Die Spieler von Atletico Madrid hätten auf diesen zusätzlichen Nervenkitzel gern verzichtet. Letzten Sonntag hätte sich die Mannschaft daheim im Estadio Vicente Calderon bereits den Titel sichern können, doch gegen Bernd Schusters FC Malaga reichte es mit viel Mühe nur zu einem 1:1. Davor kostete ein 0:2 bei UD Levante am Ende womöglich entscheidende Punkte. Ein Punkt aus den vergangenen zwei Spielen – für Atletico kommt dieses Finale in Barcelona zu einem ungünstigen Zeitpunkt. Es scheint, als würde der Mannschaft von Trainer Diego Simeone am Saisonende etwas die Luft ausgehen. Auch deshalb sah sich Linksverteidiger Filipe Luis wohl genötigt, noch einmal zu betonen: „Physisch kann keine Mannschaft mit uns mithalten.“ Das laufintensive, kraftvolle Spiel mit der nahezu perfektem Raumaufteilung war allerdings zuletzt nicht mehr in Gänze zu sehen. Der angeschlagene Torjäger Diego Costa fehlte dazu als Vollstrecker. In Barcelona soll Costa aber spielen. Innenverteidiger Miranda sagt: „Wir kommen auf dem Höhepunkt ins Camp Nou.“ Wohlwissend, das dem nicht so ist.
Zeit der großen Abschiede in Barcelona
Auch wenn Atletico momentan nicht seinen besten Fußball spielt, so spricht das Momentum doch für Simeones Team. Statt Vorfreude auf die mögliche Titelverteidigung bestimmt Wehmut die Gefühlslage in Barcelona. Es ist die Zeit der großen Abschiede. Vor Puyol verabschiedete sich der derzeit verletzte, langjährige Torhüter Victor Valdes unter der Woche mit einem Brief von den Fans. Auch für andere Spieler könnte es das letzte Spiel in azul-grana werden. Dani Alves wird mit Paris St. Germain in Verbindung gebracht, Alexis tendiert zu Juventus Turin und auch Cesc Fabregas, Pedro oder Javier Mascherano könnten den Klub verlassen. Die Protagonisten der Guardiola-Ära verschwinden zusehends, eine Epoche geht zu Ende.
Der längst fällige Umbruch soll im kommenden Sommer angegangen werden, selbst der Gewinn der Meisterschaft könnte eine an den Ansprüchen des FC Barcelona gemessen missratene Saison nicht mehr retten. Die Niederlage im Pokalfinale gegen Real Madrid schmerzt, ebenso das frühe Aus in der Champions League.

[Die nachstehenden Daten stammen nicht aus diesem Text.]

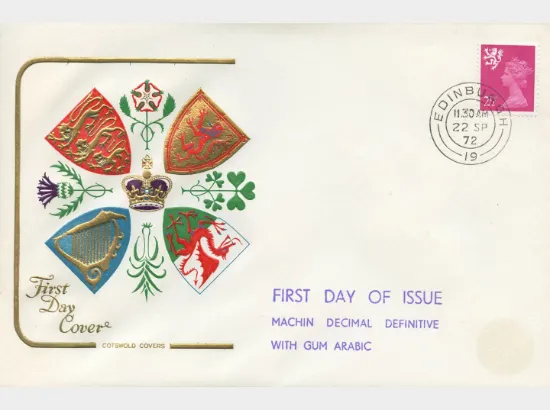 Scotland 2 1/2p, 3p, 5p, 7 1/2p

Mit der Titelverteidigung hatten die Spieler schon vor zwei Wochen abgeschlossen. „Wir müssen nun nach vorn schauen und im nächsten Jahr vieles besser machen“, hatte Andres Iniesta nach dem 2:2 gegen Getafe gesagt. Da ahnte er noch nicht, dass Atletico und Real ebenfalls kein Spiel mehr gewinnen sollten und Barça trotz der schwachen Resultate im Rennen bleiben würde. Es war die Zeit, als durchsickerte, dass Trainer Gerardo Martino den Verein am Saisonende nach nur einem Jahr verlässt. Sein Nachfolger wird mit sehr großer Wahrscheinlichkeit der ehemalige Barça-Kapitän Luis Enrique, der aktuell noch Celta Vigo trainiert. Martino wird trotz möglichem Meistertitel gehen müssen. Die Zeitung „El Pais“ hatte berichtet, dass die Spieler sich längst von ihrem Trainer wegen dessen veralteter Methoden abgewandt haben. Bei einer Trainingsform soll ein älterer Spieler Martino angefahren haben: „Trainer, das ist lächerlich. So brauchen wir nirgends anzutreten.“
„Wir befinden uns in dem wichtigsten Moment der Klubgeschichte“
Für Atletico spricht außerdem, das man in fünf Spielen in dieser Saison gegen Barcelona noch ungeschlagen ist. Im April setzten sich die Madrilenen im Viertelfinale der Champions League mit 1:0 und 1:1 durch. Die meisten neutralen Fans in Spanien würden sich über einen Titelgewinn von Atletico freuen. Vor zehn Jahren hatte es zuletzt mit Valencia einen anderen Meister als Real Madrid oder Barcelona gegeben. Die Hegemonie könnte nun von Atletico durchbrochen werden. „Wir befinden uns in dem wichtigsten Moment der Klubgeschichte“, sagt Filipe Luis. Solche Töne waren in den vergangenen Tagen aus Barcelona nicht zu hören.